■ **Entries shown**:
[Start of section]

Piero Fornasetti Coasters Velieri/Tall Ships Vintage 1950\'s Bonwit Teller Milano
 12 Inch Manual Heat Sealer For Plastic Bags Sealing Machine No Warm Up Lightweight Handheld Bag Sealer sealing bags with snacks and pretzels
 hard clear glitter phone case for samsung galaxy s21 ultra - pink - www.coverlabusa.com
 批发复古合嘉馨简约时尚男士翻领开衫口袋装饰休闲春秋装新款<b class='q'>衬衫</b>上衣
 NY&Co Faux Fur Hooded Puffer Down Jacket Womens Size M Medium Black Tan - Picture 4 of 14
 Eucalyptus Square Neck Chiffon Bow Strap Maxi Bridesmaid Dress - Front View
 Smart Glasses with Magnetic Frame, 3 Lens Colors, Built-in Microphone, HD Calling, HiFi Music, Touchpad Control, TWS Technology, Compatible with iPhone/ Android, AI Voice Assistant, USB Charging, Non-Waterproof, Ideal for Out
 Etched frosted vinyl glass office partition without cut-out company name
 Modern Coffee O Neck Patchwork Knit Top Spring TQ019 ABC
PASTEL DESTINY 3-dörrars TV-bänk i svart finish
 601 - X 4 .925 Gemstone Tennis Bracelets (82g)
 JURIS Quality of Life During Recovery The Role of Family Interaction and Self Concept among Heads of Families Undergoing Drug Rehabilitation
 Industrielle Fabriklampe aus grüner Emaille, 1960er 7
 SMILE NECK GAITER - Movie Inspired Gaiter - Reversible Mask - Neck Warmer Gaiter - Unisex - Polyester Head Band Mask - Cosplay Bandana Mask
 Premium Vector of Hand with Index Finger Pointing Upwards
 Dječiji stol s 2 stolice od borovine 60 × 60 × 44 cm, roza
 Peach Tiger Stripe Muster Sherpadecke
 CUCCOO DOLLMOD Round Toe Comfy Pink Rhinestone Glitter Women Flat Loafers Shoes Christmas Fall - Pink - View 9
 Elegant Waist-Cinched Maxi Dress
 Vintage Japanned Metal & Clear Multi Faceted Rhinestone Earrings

[End of section]

■ **What is being asked**:
Copy, exactly and only, the lines above that begin with the one containing "Etched frosted vinyl" and finish with the one containing "601 - X 4 .925".

■ **Solved exercise**:
 Etched frosted vinyl glass office partition without cut-out company name
 Modern Coffee O Neck Patchwork Knit Top Spring TQ019 ABC
PASTEL DESTINY 3-dörrars TV-bänk i svart finish
 601 - X 4 .925 Gemstone Tennis Bracelets (82g)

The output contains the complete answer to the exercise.